For those slaves in Texas, this holiday marked the day that they finally were able to claim the freedom they deserved. For us today, this American holiday represents a celebration of formally suppressed voices ringing out for liberty, civil rights, and community.

On this 154th anniversary of Juneteenth, we invite you to celebrate black voices. Here are five books by incredible women whose books encapsulate the importance of standing for love, understanding, individuality, justice, and equality.


Soul Psalms by U-Meleni Mhlaba-Adebo

This collection of poems captures one Zimbabwean American woman’s journey to loving herself and her battle for acceptance. She questions social norms and her place in the world with an assertive, memorable voice that haunts as much as it inspires. U-Meleni Mhlaba-Adebo’s words encapsulate the ebb and flow of vulnerability and confidence with poems like “Breaking Point” and “IN LOVE WITH MYSELF (A permission poem for all women).” She rebukes those who insult her race while joyfully celebrating her rich African heritage. In an unkind world, her voice is a clear message that power comes from enduring pain and that self-acceptance can bring peace.

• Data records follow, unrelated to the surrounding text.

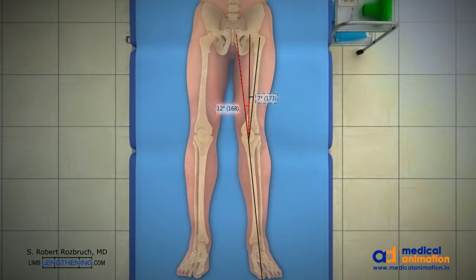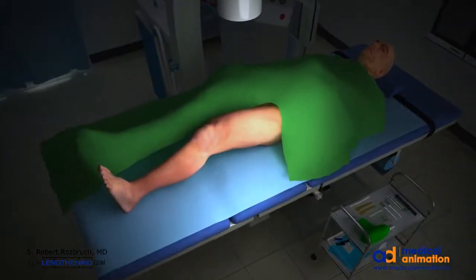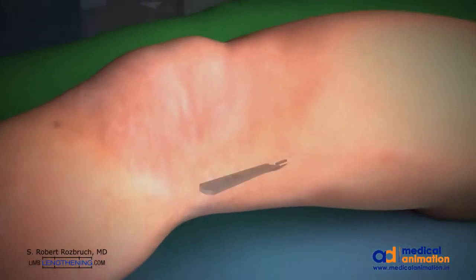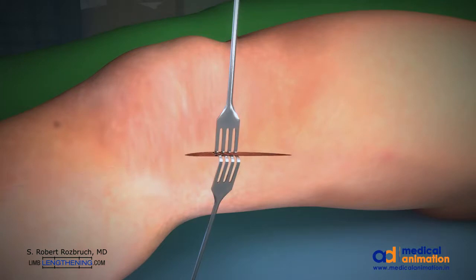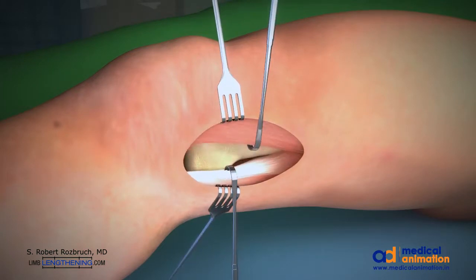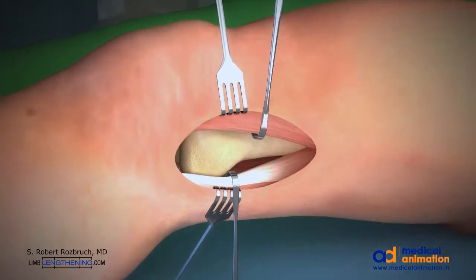This allows us to plan the size of the open wedge. We make a 4-inch incision on the lateral aspect of the leg and dissect the vastus lateralis anteriorly, exposing the lateral aspect of the femur.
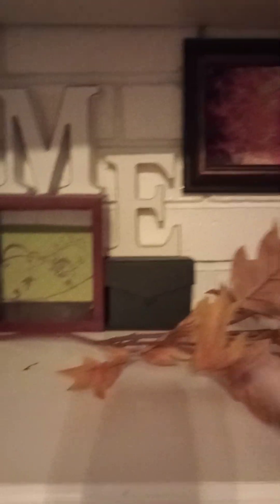Everything that I am using I got from Target, Walmart, or Amazon. Some of the books I did get second-hand from our local thrift shop.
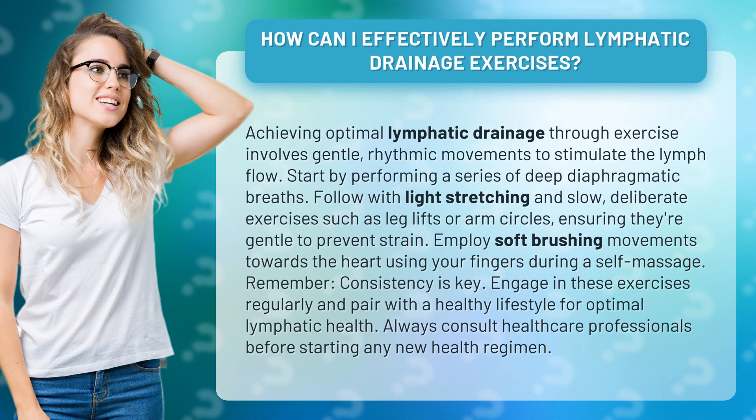Remember, consistency is key. Engage in these exercises regularly and pair with a healthy lifestyle for optimal lymphatic health. Always consult healthcare professionals before starting any new health regimen.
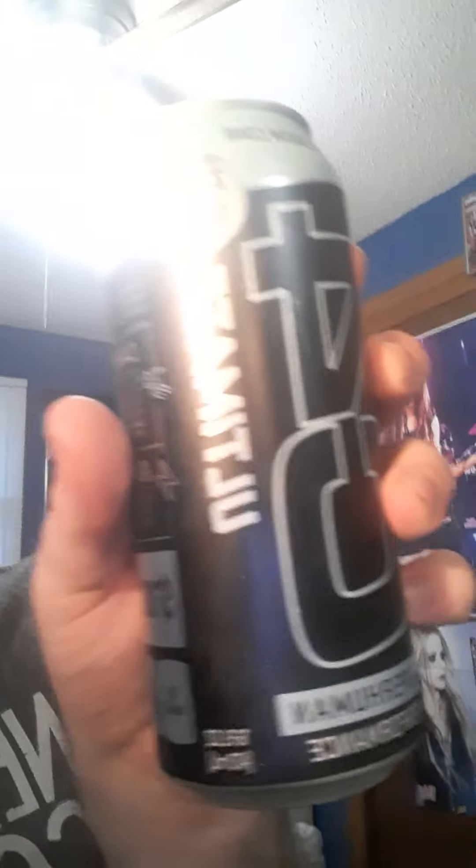What's up everybody, it's your old pal Anthony and we're back at it again. We're going to do some more C4 energy drinks. There were some regular C4 flavors there, and this one says C4 Ultimate.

In my years I have known incredible joy
But I have also known pain
My lips have been bruised
My heart has been bruised
But I am still HERE
Standing tall
(“The She in We”)


No Thanks by Keturah Kendrick

Keturah Kendrick doesn’t pull any punches while she dissembles female stereotypes. No, black women don’t have to be mothers to feel whole. Yes, black women can choose to be single and still be happy. Yes, black women should be able to make their own decisions as to what they want and need. Kendrick’s personal experiences emphasize her critique of a culture that has dictated who she is supposed to be for far too long. In this witty and unapologetic manifesto covering topics like love, marriage, children, travel, and religion, Keturah Kendrick says “no thanks” to stereotypes and illustrates the stunning prowess of a black woman set free.

“A chance to get chosen does not move me. I am single because I am enough for me.”


In the Heart of Texas by Ginger McKnight-Chavers

In this humorous and touching novel, Ginger McKnight-Chavers takes us to Texas with Jo Randolph, a soap opera sweetheart who is taking a not-so-optional break from Hollywood after her life blows up. A celebrity for most of her life, Jo must come to terms with adult life outside the glamorous glow of fame and tackle the question of who she really is. As if that isn’t hard enough, while Jo figures out how to grow up, she has to navigate the twisting roads of love, class status, racial prejudice, and reputation.

“We sipped wine, and he held my hand, and I felt the same sense of ‘I’m where I belong’ that I felt during my early days in New York . . . I don’t know what it is, but if I could bottle it and sell it, I wouldn’t have to work on soap operas anymore.”


Awaken by Denese Shelton

Haunted by nightmares of dogs chasing her and her neck in a noose, Sierra just wants some relief. At night, she dreams she is Dorothy, a fearless and faithful black woman fighting for civil rights, but during the day she feels trapped by past trauma. When the dreams continue to get more vivid, Sierra seeks out help—but she soon realizes that her own fear is what holds her back. Sierra must choose to learn from Dorothy if she wants to cope with her own painful history and let love and faith back into her life.

“She was exhausted, and her face was wet with tears. She was crying, really crying . . . and yet the world hadn’t stopped. She was still alive.”


Reclaiming Home by Lesego Malepe

In South Africa, the days of apartheid were an era of institutionalized racial segregation. Lesego Malepe was four years old when she was forced from her home into a segregated township with other black South Africans. Reclaiming Home is a diary of the illuminating journey Malepe takes through her South Africa as an adult, ten years after its liberation. Her travels through her home country—and her memories—paint a picture of how South Africa has changed since the days of segregation, and the growth that still can happen.

“Having had to start life from scratch in a foreign country, I don’t take such kindness and generosity for granted. I’ve lived long enough to know that I’m lucky.”